Passing from this, we come to various degrees of dementia, such as may occur in disturbed sleep, in delirium, and similar pathological derangements. Here we may find what may be called a change of personality, with varying degrees of loss of memory. Still further, we have the rare cases, produced by hypnotism, insanity, amnesia, and the like, where the sense of one's original identity is quite lost for the time. A certain Dr. Morton Prince has written a book describing his experiences with a young lady, whom he treated hypnotically for such an ailment. His theory was that the normal personality was a blend of elements which had become dissociated and able to occupy the field alternately, thus producing different personalities acting in the same body. The case might perhaps be diagnosed as obsession by psychic entities of some sort, possibly the cast-off remnants of deceased human beings; yet there is considerable ground for recognising, in some of these subordinate selves that appeared, the manifestation of certain elements in the girl's character which she had suppressed.

It is clear that we cannot talk intelligibly on such a subject without analysing somewhat deeply the nature of what is known as personality, its relation to memory, to the sense of identity, and kindred psychological topics. It would also be necessary to have a better understanding of the functions of the brain and nervous systems, and especially of the connexions and interactions of the psychic with the physical. Some help may perhaps be found in the idea that what we know as personality results from an interaction of psychic and physical elements, and in comparing the body to a musical machine into which cardboard tunes are fed, so that the same instrument plays various tunes. But this does not solve the whole question. I may be under the influence of a false self, and yet be aware of my condition; or there may come a moment, a stage, at which I cease to be aware that I am deluded, and the delusion becomes a reality. How define that stage? Is it not likely that there is some particular center in the cerebro-spinal system, whose derangement marks this change? When the foreign influence ceases upon that center — it is then that I lose my sense of identity, my memory of my normal self.

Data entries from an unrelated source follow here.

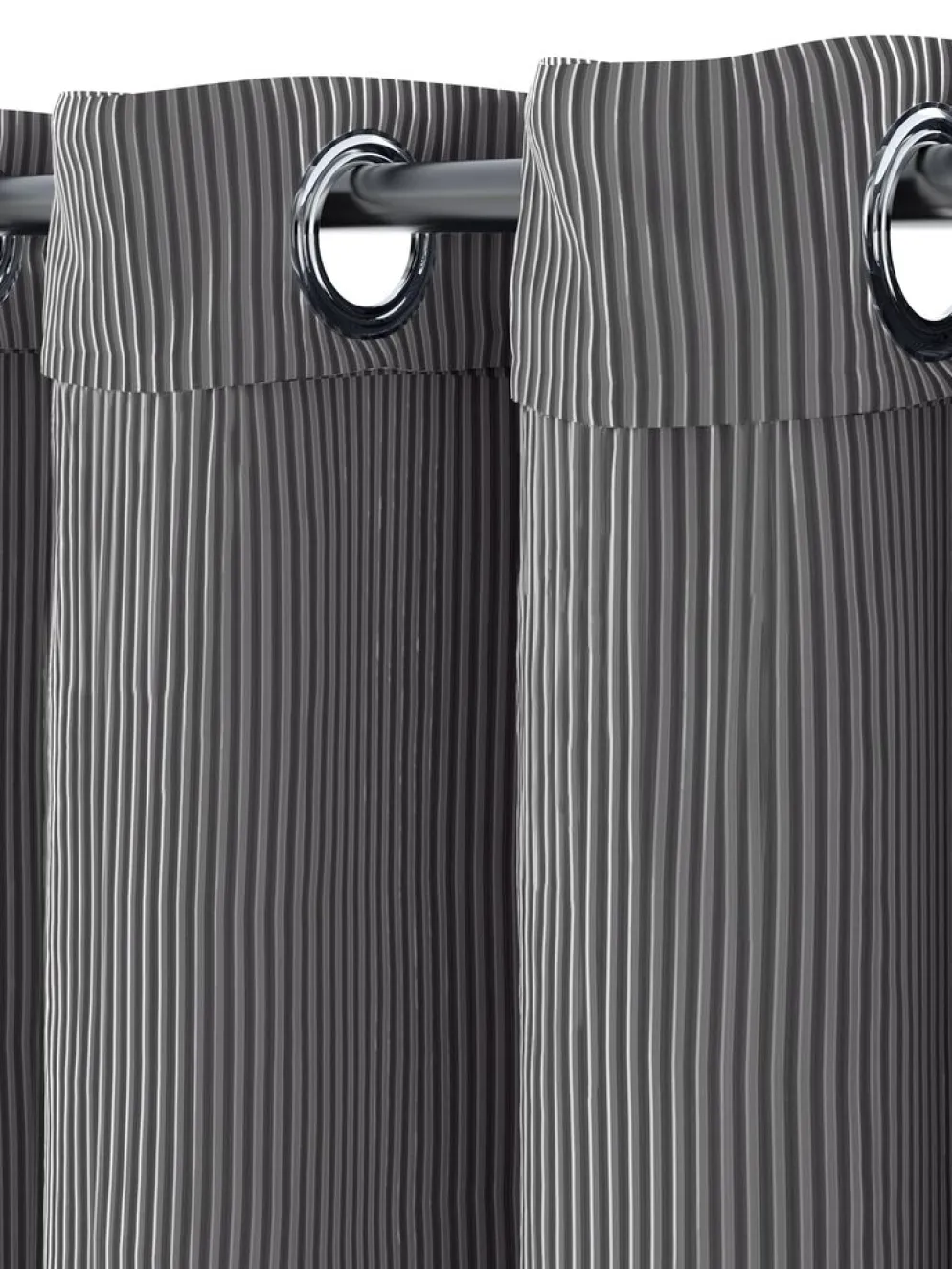 TOTAKRideau TOTAK 1x140x300 velours côtelé gris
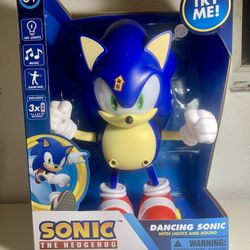 NEW Sonic the Hedgehog Dancing Light Up Sound Battle 10" Figure Limited Edition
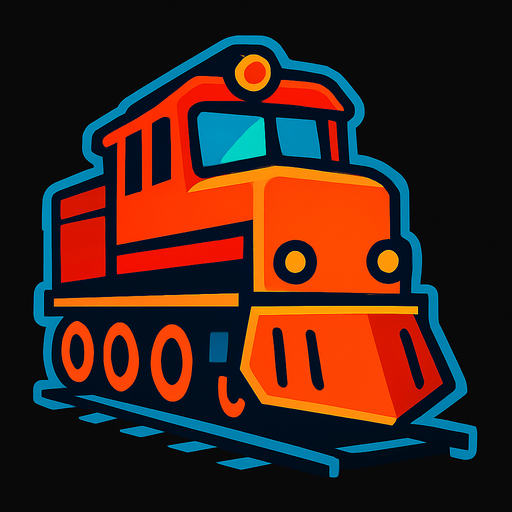 Train.
In-Game asset.  2d.  High contrast.  No shadows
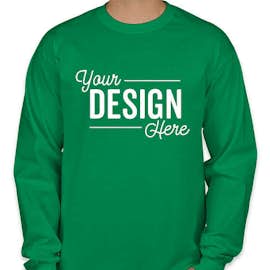 Canada - Gildan Ultra Cotton Long Sleeve T-shirt - Color: Irish Green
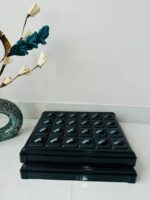 24 Fitting Tray Jewellery Display Organizer For Counter (9"x 11" Inch, Black- Ring) - Image 5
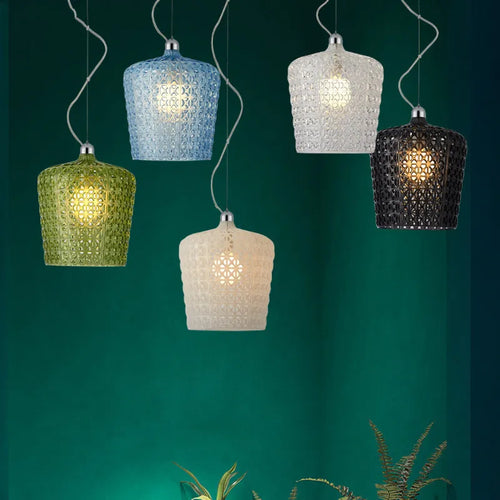 lustre suspendu à led en acrylique design nordique pour éclairage intérieur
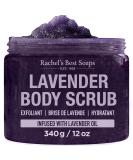 Lavender Sea Salt Body Scrub with Shea Butter and Aloe Vera - 340g/12oz - Buy Online on SooperMarket.com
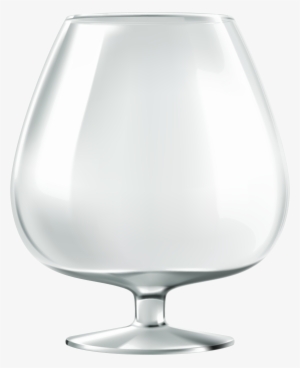 Empty Brandy Glass Png Clipart - Empty Glass Png Transparent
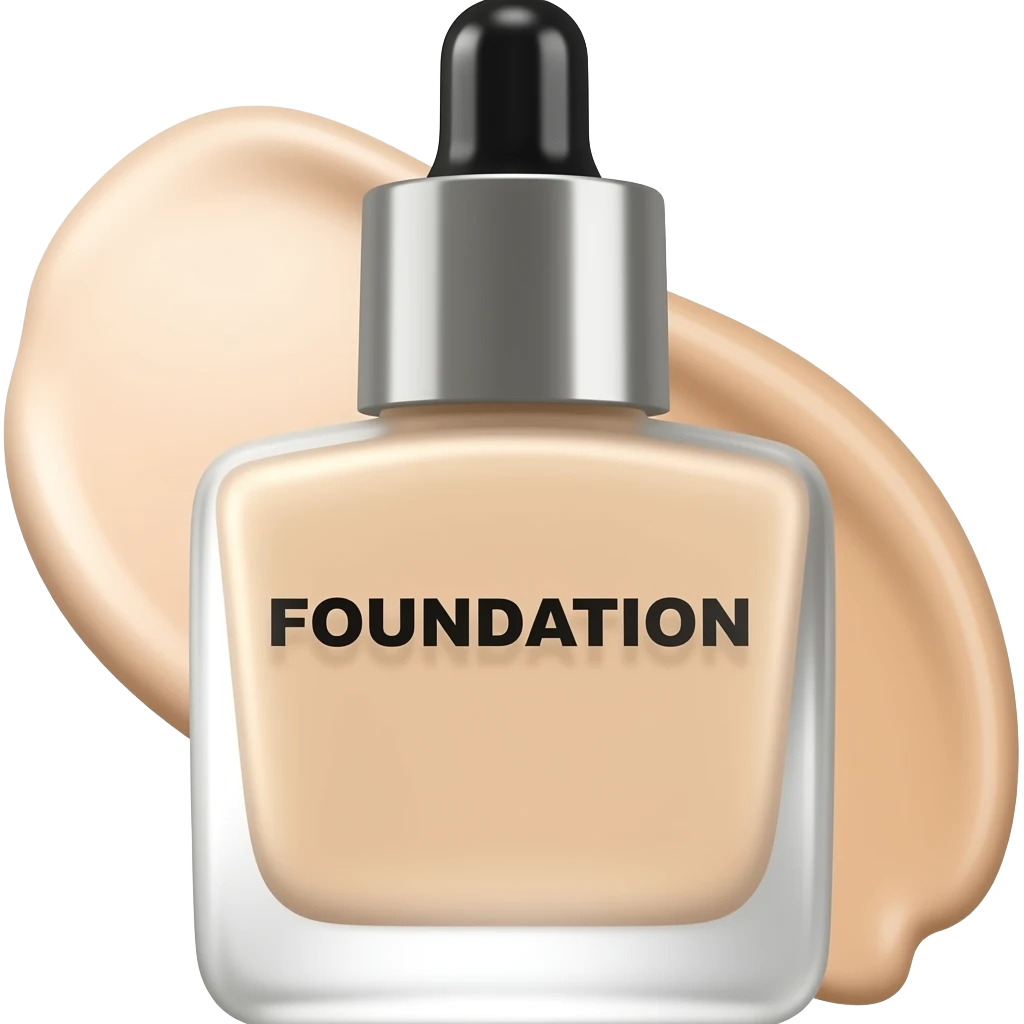 Foundation, makeup emoji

One suspects that this is a subject upon which definite knowledge, such as is looked for in books, is not available, on account of the dangerous abuses which would certainly be made of it; and it is surely wiser to eschew such questions of morbid psychological anatomy. Whether occurring in oneself or in someone else, they should be treated as a disease and dealt with accordingly; and the remedy is of course self-control, physical, mental, emotional.

QUESTION 301. Can the camera catch a picture of a being invisible to the human eye, and record it upon a film? If so, of what will it be a picture?

I. L. H. — If you mean by 'a being invisible to the human eye' one that exists on a plane above or below the physical, the answer is a distinct no; and all claims made for alleged photographs of that kind may be set down to trick photography or legerdemain; for the camera is a physical instrument responsive to physical light and it functions on the physical plane only. Of course, by means of invisible X-rays, infra-red rays, and long exposures, etc., the camera can record photographs of things to which the human retina is not responsive; but these are purely physical and mechanical methods of aiding the physical senses: they are in no sense to be classed with so-called 'astral' or 'spirit' or 'fourth-dimension' photographs, etc., of claims regarding which it is wise to be extremely skeptical.